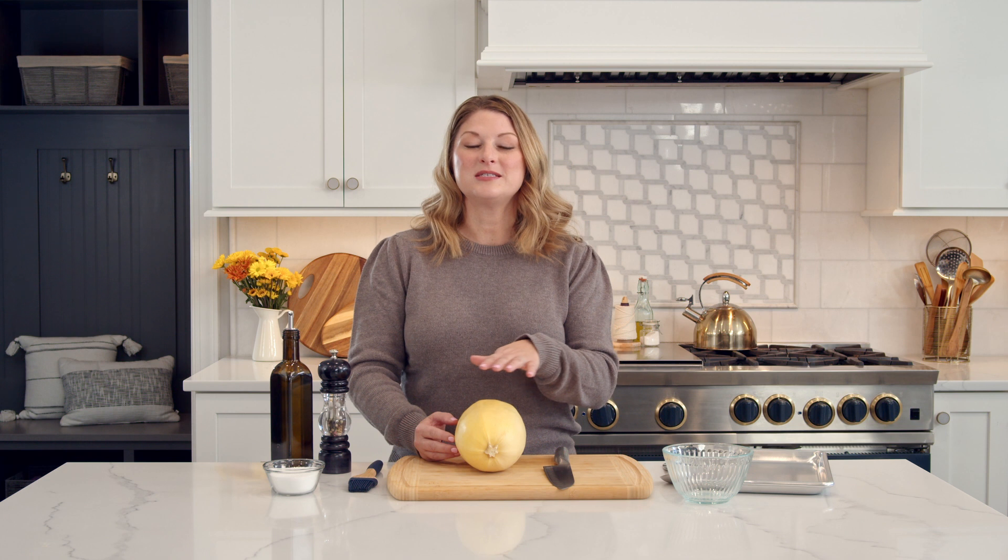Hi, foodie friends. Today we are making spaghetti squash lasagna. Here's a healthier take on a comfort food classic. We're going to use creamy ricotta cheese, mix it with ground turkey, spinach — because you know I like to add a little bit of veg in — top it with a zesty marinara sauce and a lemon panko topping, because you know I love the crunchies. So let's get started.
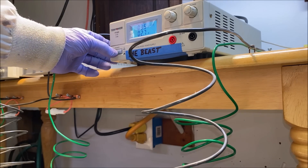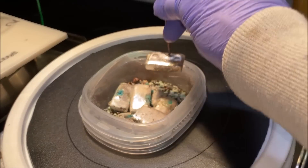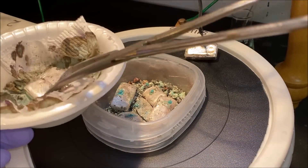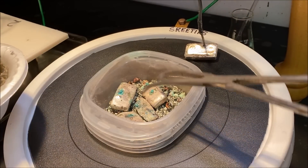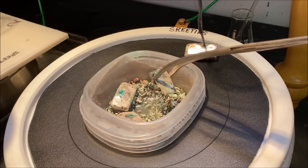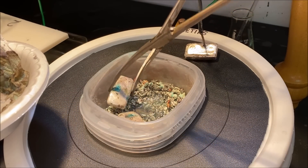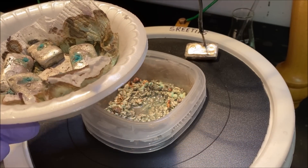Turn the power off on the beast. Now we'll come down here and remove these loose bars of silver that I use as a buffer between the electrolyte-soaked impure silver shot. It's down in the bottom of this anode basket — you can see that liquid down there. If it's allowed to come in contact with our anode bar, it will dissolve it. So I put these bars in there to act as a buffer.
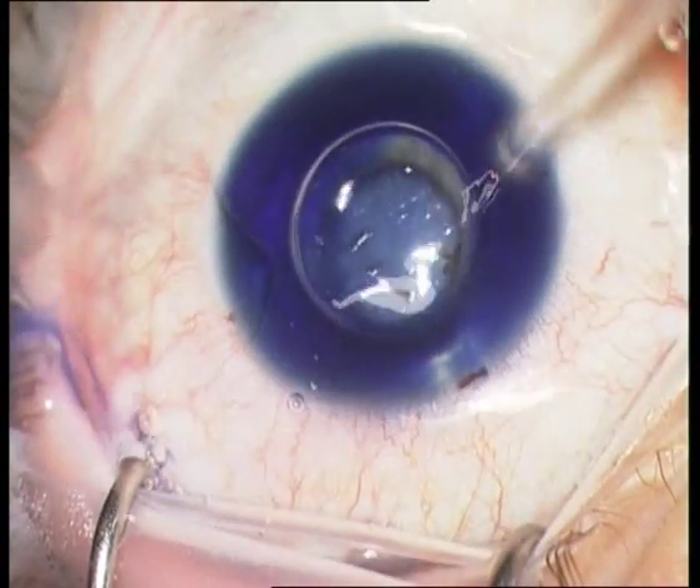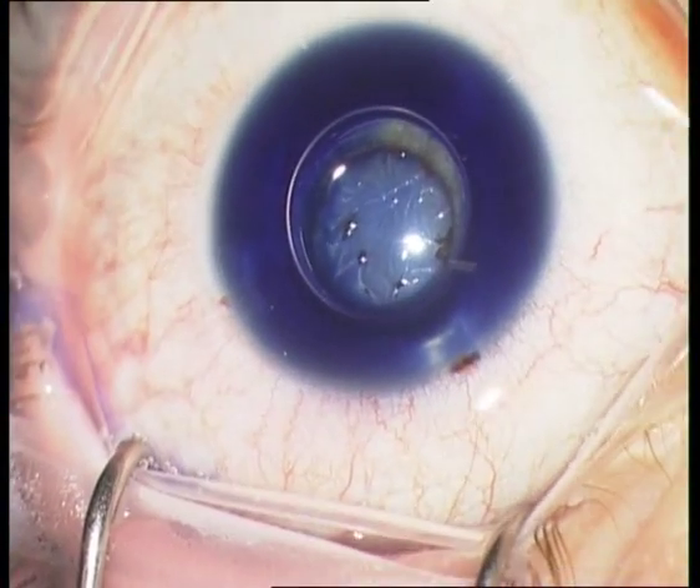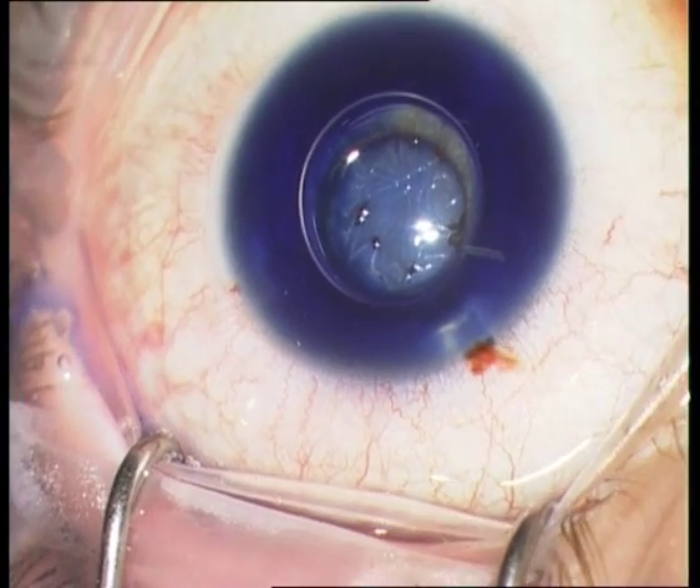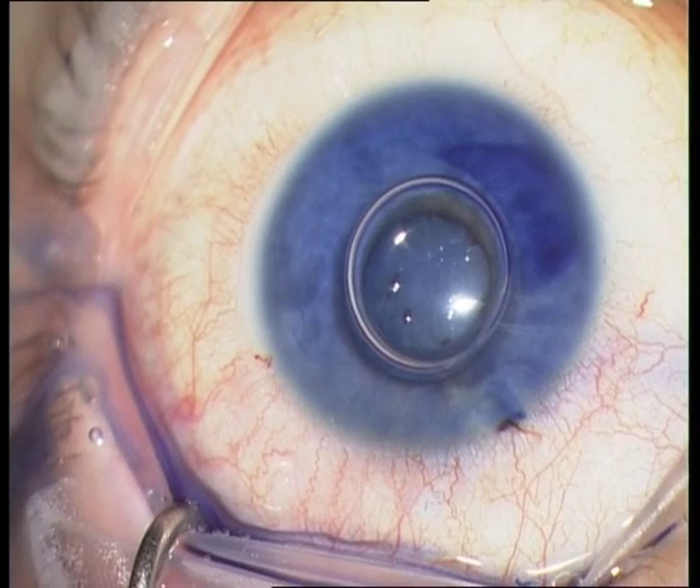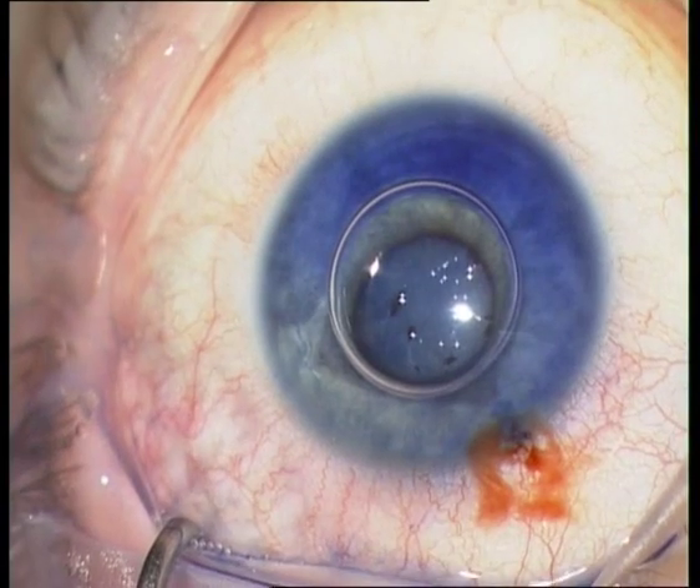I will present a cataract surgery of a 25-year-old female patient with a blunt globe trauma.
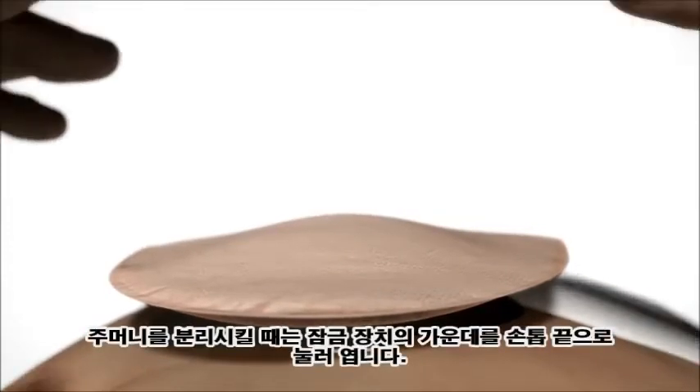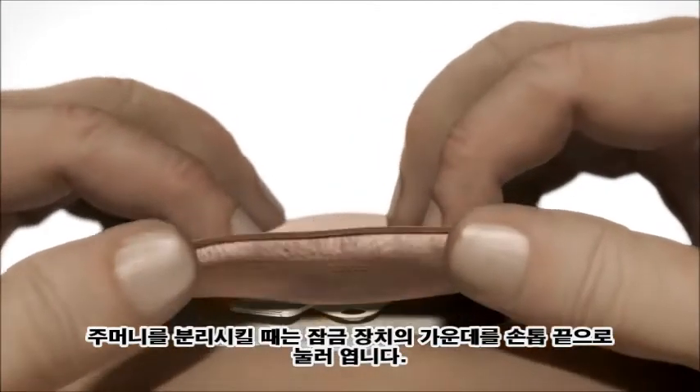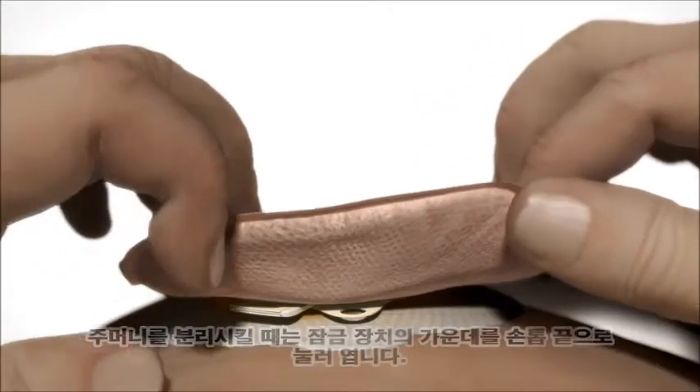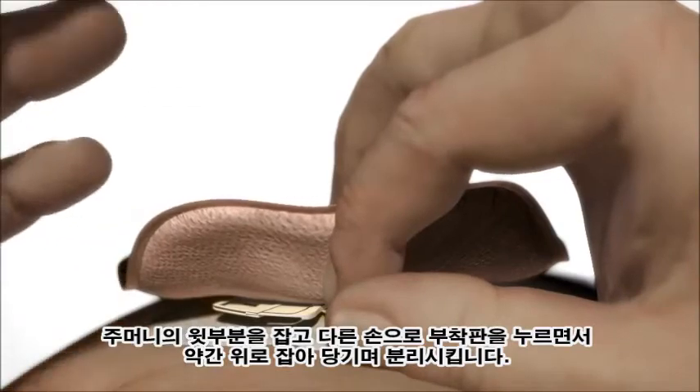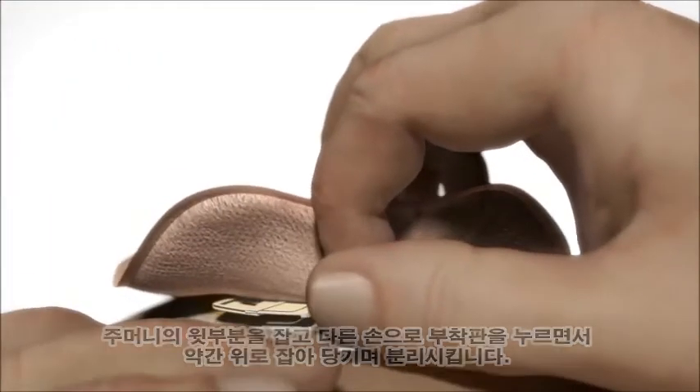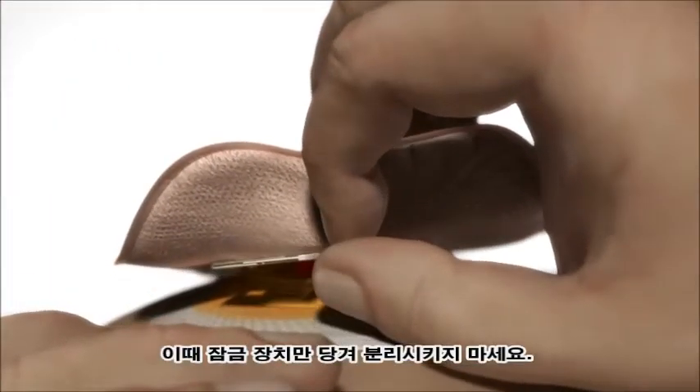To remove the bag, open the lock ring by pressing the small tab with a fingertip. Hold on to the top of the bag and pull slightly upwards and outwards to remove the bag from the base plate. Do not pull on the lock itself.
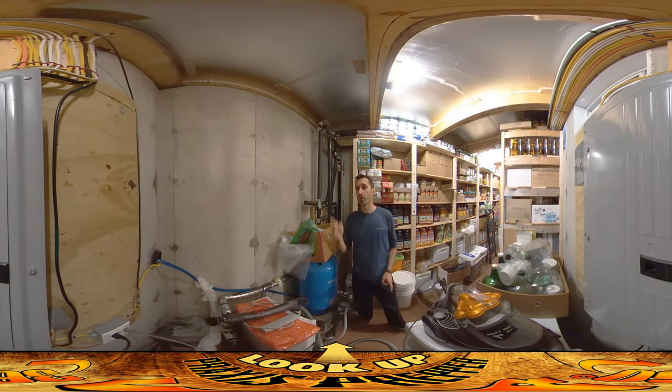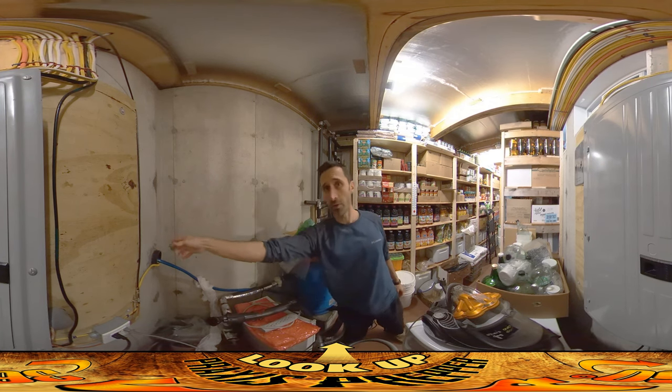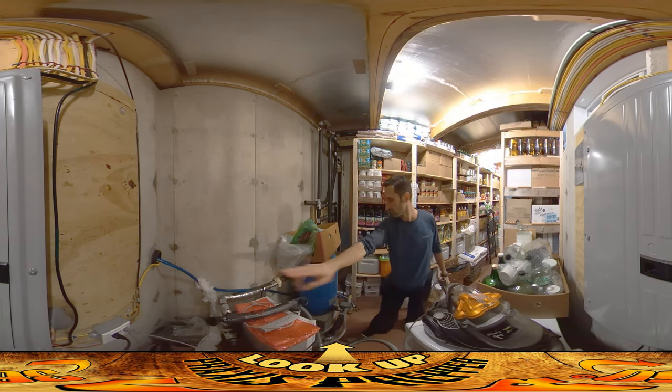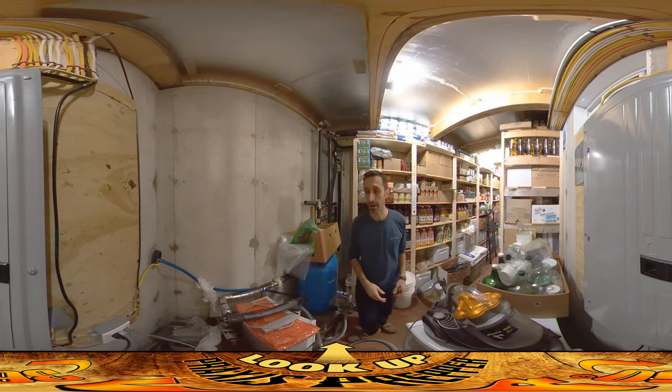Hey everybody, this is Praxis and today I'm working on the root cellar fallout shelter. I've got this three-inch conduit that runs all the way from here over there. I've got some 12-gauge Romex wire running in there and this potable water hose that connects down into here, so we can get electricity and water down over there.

^^^^^^^^

(WORK REQUIRED) The lines from the one containing "Turn the power" through the final line of the data are to be repeated exactly, with both ends included and all pictures left out.

(SOLUTION TO THIS EXERCISE)
Turn the power off on the beast. Now we'll come down here and remove these loose bars of silver that I use as a buffer between the electrolyte-soaked impure silver shot. It's down in the bottom of this anode basket — you can see that liquid down there. If it's allowed to come in contact with our anode bar, it will dissolve it. So I put these bars in there to act as a buffer.
I will present a cataract surgery of a 25-year-old female patient with a blunt globe trauma.
To remove the bag, open the lock ring by pressing the small tab with a fingertip. Hold on to the top of the bag and pull slightly upwards and outwards to remove the bag from the base plate. Do not pull on the lock itself.
Hey everybody, this is Praxis and today I'm working on the root cellar fallout shelter. I've got this three-inch conduit that runs all the way from here over there. I've got some 12-gauge Romex wire running in there and this potable water hose that connects down into here, so we can get electricity and water down over there.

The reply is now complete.